In one interesting review, Dr Price shows one of these sanitising incidents in practice:
“In Matthew 17:24-27, we find the famous legend of the coin in the fish’s mouth. Simon Peter has just assured the collectors of the Jewish Temple Tax that Jesus intends to pay the tax. Jesus then asks him: “From whom do the kings of the earth collect duty and taxes- -from their own sons or from others?” “From others,” comes Peter’s answer. “Then the sons are exempt,” replies Jesus. The whole point is that Jesus, being God’s son, has no intention of paying. So far so good. But the story continues: “But so that we may not offend them, go to the lake and throw out your line. Take the first fish you catch; open its mouth and you will find a four-drachma coin. Take it and give it to them for my tax and yours.” The saying is thus defused, and the point is completely reversed. Someone, afraid of the original radical threat of the passage, has tacked on a pious legend which makes the text “safe.” May we not wonder if exactly the same thing has not transpired with respect to Jesus’ teaching on another tax, that paid to Caesar? 
Reza Aslan has a good follow up on Caesar’s tax:
“Give back (apodidomi) to Caesar the property that belongs to Caesar …” The verb apodidomi, often translated as “render unto,” is actually a compound word: apo is a preposition that in this case means “back again”; didomi is a verb meaning “to give.” (Ἀπόδοτε Mark 12:17 and pars).

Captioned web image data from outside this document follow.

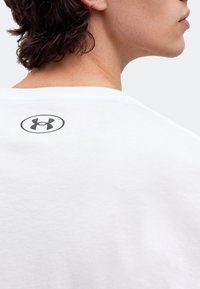 Gros plan sur le cou et l'épaule d'une personne portant une chemise blanche avec un logo noir Under Armour dans le haut du dos.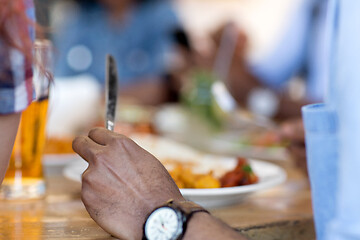 Image showing african man eating with friends at restaurant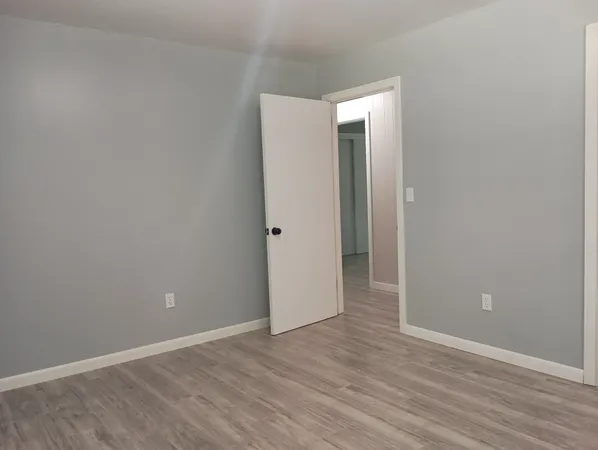 an empty room with wooden floor and closet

Apodidomi is used specifically when paying someone back property to which he is entitled; the word implies that the person receiving payment is the rightful owner of the thing being paid. In other words, according to Jesus, Caesar is entitled to be “given back” the denarius coin, “not because he deserves tribute, but because it is his coin: his name and picture are stamped on it. God has nothing to do with it. By extension, God is entitled to be “given back” the land the Romans have seized for themselves because it is God’s land: “The Land is mine,” says the Lord (Leviticus 25:23). Caesar has nothing to do with it.
So then, give back to Caesar what is his, and give back to God what belongs to God. That is the zealot argument in its simplest, most concise form. And it seems to be enough for the authorities in Jerusalem to immediately label Jesus as lestes. A bandit. A zealot” 

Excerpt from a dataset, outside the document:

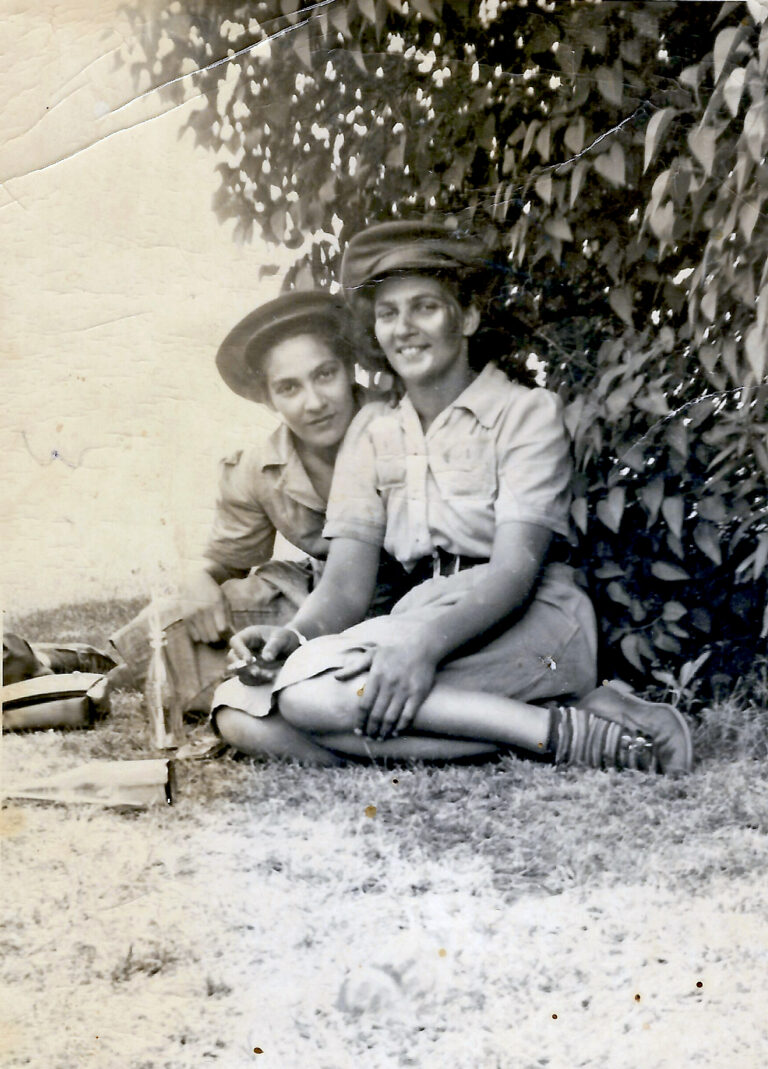 Grey and white photo of two women in solider uniform sitting on grassy ground in front of leafy bush.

The denarius Jesus demanded to see was roughly equal to a day’s pay. Roman taxation was onerous and burdensome. There is another point about this incident made by Crossan and Borgs book, The last week:
“In the Jewish homeland in the first century, there were two types of coins. One type, because of the Jewish prohibition of graven images, had no human or animal images. [Thus the need for the money changers at the Temple]. The second type (including Roman coinage) had images. Many Jews would not carry or use coins of the second type. But Jesus’s interrogators in the story did. The coin they produced had Caesar’s image along with the standard and idolatrous inscription heralding Caesar as divine and Son of God. They are exposed as part of the politics of collaboration.”

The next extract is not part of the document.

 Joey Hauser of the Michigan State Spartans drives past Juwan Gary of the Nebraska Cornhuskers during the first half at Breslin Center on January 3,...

Jesus calling the Syro-Phoenician woman and her child “dogs” in a healing episode in Mark 7:24-30, is more than likely historical. This is one of the sayings that escaped the sanitizing editors. A reluctant Jesus tells the woman, “First let the children eat all they want,” he told her, “for it is not right to take the children’s bread and toss it to the dogs.” This of course is contrary to the image the gospel has of Jesus and more reflects the xenophobic messianism of the Dead Sea Scrolls. They looked forward to the destruction of all those they hated at the end of days. The Jesus of this episode is a glimmer of the historical Jesus.
Greame Lang had noticed that “Jesus himself is recorded as expressing some rather strong opinions about the wealthy. After meeting the rich young man who sadly declines to sell all he has and give the money to the poor, Jesus tells his disciples that “it is easier for a camel to go through the eye of a needle than for a rich man to enter the kingdom of god” (Mark 10:23-25). Many attacks in the Jewish war were carried out by the poor against the upper classes. Ananias’ palace and Herodian palaces were burnt down; all of the debt records were destroyed (War 2.17.6). The Dead Sea Scrolls offer a window into the minds of these Jews and in the scroll 4Q171 describes “the time of testing” doing a pesher on psalm 37. It uses the typology of testing on Exodus and Wilderness. All this together with the reversal of fortunes expected at a realized eschatology meant….. “some of [Jesus’] rhetoric certainly would have been received without much argument by some of the revolutionaries described by Josephus.” 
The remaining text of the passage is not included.